Overall Architecture

Two core modules: (1) Shot-adaptive Frame Pruning—two-stage frame pruning based on shot detection; (2) Hierarchical Attention—replacing full attention with hierarchical sparse attention. The backbone consists of an InternViT-300M encoder, an MLP projector, and an InternLM2-Chat-7B language model.

Key Designs

  1. Shot-adaptive Frame Pruning (Two-Stage)

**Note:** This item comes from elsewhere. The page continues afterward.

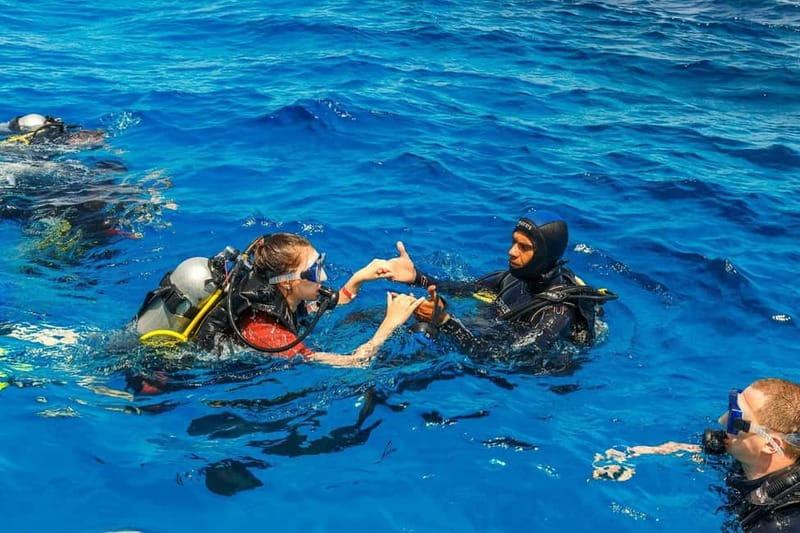 Antalya/Kemer: Scuba Diving Experience with 2 Dives & Lunch - The Experience for Different Types of Divers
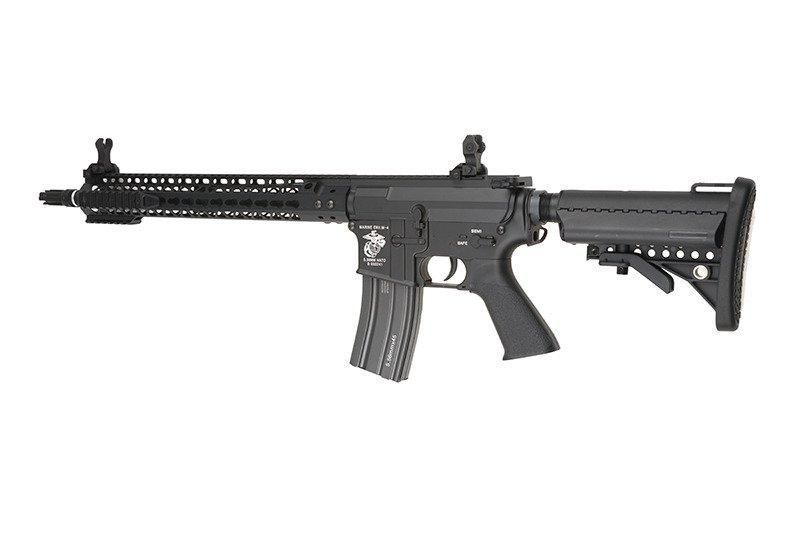 Аналог автоматичної гвинтівки SA-V23 - black [Specna Arms] (для страйкболу) SPE-01-013569 фото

    • Shot Detection: Employs a pre-trained TransNet to detect shot transitions, naturally segmenting the video into variable-length shot clips.
    • Inter-shot Pruning: Extracts the visual embeddings of the key frames from each shot, computes the cosine similarity with the MLP-mapped query text, and discards the least relevant \(\alpha\%\) of the shots.
    • Intra-shot Pruning: Calculates the cosine similarity between adjacent frames within the same shot, removing the highly redundant \(\beta\%\) of frames (e.g., duplicated frames in prolonged static scenes).
    • Differentiable Indexing: Utilizes Gumbel-Softmax during training to achieve a differentiable approximation of frame selection, enabling end-to-end gradient propagation.
  2. Hierarchical Attention (\(O(N)\) Complexity)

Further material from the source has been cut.